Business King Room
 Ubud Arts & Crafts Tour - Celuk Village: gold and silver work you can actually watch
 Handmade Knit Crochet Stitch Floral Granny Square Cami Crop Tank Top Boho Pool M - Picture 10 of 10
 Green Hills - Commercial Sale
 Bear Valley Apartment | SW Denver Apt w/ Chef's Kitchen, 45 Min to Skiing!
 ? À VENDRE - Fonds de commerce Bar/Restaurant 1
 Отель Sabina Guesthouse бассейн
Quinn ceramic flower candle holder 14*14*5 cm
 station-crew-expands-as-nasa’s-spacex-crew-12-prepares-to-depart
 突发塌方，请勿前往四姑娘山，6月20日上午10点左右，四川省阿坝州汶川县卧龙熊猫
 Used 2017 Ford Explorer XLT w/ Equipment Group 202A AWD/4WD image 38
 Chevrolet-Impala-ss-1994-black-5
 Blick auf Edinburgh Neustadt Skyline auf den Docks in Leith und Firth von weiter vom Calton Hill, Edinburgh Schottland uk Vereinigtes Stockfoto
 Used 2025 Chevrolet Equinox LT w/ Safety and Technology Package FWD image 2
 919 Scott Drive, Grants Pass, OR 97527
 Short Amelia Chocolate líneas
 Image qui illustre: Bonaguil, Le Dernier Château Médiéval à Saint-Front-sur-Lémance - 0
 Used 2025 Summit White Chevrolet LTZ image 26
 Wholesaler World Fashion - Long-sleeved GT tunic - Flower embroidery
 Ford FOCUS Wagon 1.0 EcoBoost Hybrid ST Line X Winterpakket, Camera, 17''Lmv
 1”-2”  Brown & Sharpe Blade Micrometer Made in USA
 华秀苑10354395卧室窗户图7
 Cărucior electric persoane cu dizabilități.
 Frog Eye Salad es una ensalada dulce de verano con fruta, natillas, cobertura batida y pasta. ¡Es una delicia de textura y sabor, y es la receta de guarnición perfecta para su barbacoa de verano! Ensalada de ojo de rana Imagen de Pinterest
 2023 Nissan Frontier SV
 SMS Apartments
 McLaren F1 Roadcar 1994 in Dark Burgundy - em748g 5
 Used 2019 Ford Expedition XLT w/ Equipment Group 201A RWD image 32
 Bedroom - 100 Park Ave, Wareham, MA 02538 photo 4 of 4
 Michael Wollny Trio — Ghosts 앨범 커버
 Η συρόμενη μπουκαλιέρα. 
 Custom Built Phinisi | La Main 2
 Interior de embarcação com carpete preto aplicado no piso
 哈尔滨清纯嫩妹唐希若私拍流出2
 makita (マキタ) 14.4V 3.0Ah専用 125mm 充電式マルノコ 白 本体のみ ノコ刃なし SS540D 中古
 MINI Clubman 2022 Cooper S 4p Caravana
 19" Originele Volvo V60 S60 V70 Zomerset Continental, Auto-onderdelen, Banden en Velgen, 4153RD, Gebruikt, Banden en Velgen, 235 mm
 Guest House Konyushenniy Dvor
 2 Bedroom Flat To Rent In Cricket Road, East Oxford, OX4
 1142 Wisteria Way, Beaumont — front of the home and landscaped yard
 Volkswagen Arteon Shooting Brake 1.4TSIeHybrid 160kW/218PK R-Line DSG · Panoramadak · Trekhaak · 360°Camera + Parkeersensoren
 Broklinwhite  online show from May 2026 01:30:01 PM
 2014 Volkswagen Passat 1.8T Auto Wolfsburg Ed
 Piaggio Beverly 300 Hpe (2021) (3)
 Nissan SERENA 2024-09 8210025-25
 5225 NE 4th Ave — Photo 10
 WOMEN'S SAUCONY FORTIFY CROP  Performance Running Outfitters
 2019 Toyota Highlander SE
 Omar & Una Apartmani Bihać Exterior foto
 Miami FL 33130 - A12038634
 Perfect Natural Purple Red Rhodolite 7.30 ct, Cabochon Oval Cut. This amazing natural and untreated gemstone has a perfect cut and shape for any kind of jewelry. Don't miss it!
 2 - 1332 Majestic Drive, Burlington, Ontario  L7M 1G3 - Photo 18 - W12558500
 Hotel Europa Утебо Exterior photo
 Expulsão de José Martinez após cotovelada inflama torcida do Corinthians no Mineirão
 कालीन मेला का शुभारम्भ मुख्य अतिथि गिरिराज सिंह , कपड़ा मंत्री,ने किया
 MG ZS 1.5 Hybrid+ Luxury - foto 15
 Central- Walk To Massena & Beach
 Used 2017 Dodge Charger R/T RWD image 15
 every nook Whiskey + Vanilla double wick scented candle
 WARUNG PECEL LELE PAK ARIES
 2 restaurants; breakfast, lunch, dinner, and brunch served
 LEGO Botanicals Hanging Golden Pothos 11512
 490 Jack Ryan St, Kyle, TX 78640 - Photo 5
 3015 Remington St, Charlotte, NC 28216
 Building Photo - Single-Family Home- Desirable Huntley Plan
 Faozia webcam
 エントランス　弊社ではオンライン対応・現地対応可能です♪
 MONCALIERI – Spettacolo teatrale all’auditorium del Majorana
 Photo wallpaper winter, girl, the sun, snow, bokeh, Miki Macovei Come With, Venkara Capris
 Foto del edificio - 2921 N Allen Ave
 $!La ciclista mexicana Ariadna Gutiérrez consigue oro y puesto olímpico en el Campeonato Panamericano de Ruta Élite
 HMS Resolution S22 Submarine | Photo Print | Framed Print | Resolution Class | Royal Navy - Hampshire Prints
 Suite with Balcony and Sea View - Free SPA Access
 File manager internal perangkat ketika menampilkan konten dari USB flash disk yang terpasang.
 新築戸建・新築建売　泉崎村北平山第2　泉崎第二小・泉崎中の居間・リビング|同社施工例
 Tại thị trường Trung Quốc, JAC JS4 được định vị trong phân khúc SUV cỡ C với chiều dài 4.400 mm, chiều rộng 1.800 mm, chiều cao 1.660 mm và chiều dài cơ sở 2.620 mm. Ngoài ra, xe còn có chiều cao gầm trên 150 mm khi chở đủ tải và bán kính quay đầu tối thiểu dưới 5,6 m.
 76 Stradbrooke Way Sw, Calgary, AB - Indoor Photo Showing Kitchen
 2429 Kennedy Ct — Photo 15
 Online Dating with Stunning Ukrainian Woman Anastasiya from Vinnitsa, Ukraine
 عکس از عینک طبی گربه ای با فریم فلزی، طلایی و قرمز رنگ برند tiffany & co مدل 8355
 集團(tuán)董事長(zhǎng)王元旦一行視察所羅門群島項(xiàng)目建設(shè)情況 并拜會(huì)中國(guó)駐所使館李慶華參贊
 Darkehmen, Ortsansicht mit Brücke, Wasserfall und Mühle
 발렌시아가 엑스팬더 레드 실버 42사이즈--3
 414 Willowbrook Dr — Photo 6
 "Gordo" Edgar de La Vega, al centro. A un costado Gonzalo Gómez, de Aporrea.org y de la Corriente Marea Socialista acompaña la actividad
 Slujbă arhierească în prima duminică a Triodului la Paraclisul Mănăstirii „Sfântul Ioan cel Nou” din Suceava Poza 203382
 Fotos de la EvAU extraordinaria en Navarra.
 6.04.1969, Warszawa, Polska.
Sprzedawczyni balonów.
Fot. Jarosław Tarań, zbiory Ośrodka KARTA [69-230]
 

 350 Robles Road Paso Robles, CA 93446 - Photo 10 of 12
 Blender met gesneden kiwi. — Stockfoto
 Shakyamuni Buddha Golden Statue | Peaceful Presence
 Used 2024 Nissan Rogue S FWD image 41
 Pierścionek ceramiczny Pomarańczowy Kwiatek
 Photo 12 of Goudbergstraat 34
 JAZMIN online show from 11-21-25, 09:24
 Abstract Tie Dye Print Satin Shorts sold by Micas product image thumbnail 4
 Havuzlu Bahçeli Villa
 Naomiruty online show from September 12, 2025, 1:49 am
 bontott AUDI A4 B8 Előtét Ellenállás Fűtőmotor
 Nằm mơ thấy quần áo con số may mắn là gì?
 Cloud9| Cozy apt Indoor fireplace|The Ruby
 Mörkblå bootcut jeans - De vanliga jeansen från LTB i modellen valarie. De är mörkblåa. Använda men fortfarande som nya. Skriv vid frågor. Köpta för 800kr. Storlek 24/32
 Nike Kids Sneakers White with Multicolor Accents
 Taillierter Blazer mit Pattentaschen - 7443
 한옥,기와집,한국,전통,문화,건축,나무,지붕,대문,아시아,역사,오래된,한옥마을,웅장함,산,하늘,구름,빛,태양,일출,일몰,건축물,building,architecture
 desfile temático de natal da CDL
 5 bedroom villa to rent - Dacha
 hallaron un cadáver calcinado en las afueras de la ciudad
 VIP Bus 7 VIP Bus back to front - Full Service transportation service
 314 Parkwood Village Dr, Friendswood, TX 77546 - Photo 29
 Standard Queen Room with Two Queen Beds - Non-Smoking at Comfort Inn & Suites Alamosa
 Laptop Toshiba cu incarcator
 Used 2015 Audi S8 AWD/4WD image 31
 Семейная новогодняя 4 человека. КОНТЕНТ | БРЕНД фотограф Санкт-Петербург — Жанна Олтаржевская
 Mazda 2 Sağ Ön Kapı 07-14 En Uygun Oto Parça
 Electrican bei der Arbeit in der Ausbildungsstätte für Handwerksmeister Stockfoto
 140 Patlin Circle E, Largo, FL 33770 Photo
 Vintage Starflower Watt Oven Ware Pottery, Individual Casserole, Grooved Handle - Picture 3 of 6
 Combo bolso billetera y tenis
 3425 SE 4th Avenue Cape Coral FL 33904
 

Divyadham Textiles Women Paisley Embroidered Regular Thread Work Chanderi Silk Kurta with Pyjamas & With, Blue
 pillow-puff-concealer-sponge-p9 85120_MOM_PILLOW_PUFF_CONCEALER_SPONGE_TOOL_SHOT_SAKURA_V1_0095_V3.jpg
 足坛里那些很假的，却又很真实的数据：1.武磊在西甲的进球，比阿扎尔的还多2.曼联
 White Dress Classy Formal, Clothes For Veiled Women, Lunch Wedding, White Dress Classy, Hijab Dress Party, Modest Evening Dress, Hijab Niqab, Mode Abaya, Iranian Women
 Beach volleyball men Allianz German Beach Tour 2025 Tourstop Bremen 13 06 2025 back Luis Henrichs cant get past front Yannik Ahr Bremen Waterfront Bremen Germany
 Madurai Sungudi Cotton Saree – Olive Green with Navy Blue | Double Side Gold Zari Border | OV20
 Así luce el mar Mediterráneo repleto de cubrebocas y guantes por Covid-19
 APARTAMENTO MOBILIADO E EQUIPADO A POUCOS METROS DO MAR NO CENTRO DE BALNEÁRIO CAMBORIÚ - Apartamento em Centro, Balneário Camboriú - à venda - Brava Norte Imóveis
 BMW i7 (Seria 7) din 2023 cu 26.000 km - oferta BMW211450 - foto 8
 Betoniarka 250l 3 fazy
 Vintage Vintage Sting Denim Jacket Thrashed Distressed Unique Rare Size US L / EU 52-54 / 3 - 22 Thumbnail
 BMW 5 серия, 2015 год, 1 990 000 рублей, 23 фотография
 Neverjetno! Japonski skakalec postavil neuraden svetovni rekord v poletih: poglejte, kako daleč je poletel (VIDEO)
========================
_Task requirements_. Within the data above, the lines from the one with "Building Photo - Single-Family" to the one with "Sprzedawczyni balonów." must be repeated exactly; no other line belongs in the answer.

_Exercise output_.
 Building Photo - Single-Family Home- Desirable Huntley Plan
 Faozia webcam
 エントランス　弊社ではオンライン対応・現地対応可能です♪
 MONCALIERI – Spettacolo teatrale all’auditorium del Majorana
 Photo wallpaper winter, girl, the sun, snow, bokeh, Miki Macovei Come With, Venkara Capris
 Foto del edificio - 2921 N Allen Ave
 $!La ciclista mexicana Ariadna Gutiérrez consigue oro y puesto olímpico en el Campeonato Panamericano de Ruta Élite
 HMS Resolution S22 Submarine | Photo Print | Framed Print | Resolution Class | Royal Navy - Hampshire Prints
 Suite with Balcony and Sea View - Free SPA Access
 File manager internal perangkat ketika menampilkan konten dari USB flash disk yang terpasang.
 新築戸建・新築建売　泉崎村北平山第2　泉崎第二小・泉崎中の居間・リビング|同社施工例
 Tại thị trường Trung Quốc, JAC JS4 được định vị trong phân khúc SUV cỡ C với chiều dài 4.400 mm, chiều rộng 1.800 mm, chiều cao 1.660 mm và chiều dài cơ sở 2.620 mm. Ngoài ra, xe còn có chiều cao gầm trên 150 mm khi chở đủ tải và bán kính quay đầu tối thiểu dưới 5,6 m.
 76 Stradbrooke Way Sw, Calgary, AB - Indoor Photo Showing Kitchen
 2429 Kennedy Ct — Photo 15
 Online Dating with Stunning Ukrainian Woman Anastasiya from Vinnitsa, Ukraine
 عکس از عینک طبی گربه ای با فریم فلزی، طلایی و قرمز رنگ برند tiffany & co مدل 8355
 集團(tuán)董事長(zhǎng)王元旦一行視察所羅門群島項(xiàng)目建設(shè)情況 并拜會(huì)中國(guó)駐所使館李慶華參贊
 Darkehmen, Ortsansicht mit Brücke, Wasserfall und Mühle
 발렌시아가 엑스팬더 레드 실버 42사이즈--3
 414 Willowbrook Dr — Photo 6
 "Gordo" Edgar de La Vega, al centro. A un costado Gonzalo Gómez, de Aporrea.org y de la Corriente Marea Socialista acompaña la actividad
 Slujbă arhierească în prima duminică a Triodului la Paraclisul Mănăstirii „Sfântul Ioan cel Nou” din Suceava Poza 203382
 Fotos de la EvAU extraordinaria en Navarra.
 6.04.1969, Warszawa, Polska.
Sprzedawczyni balonów.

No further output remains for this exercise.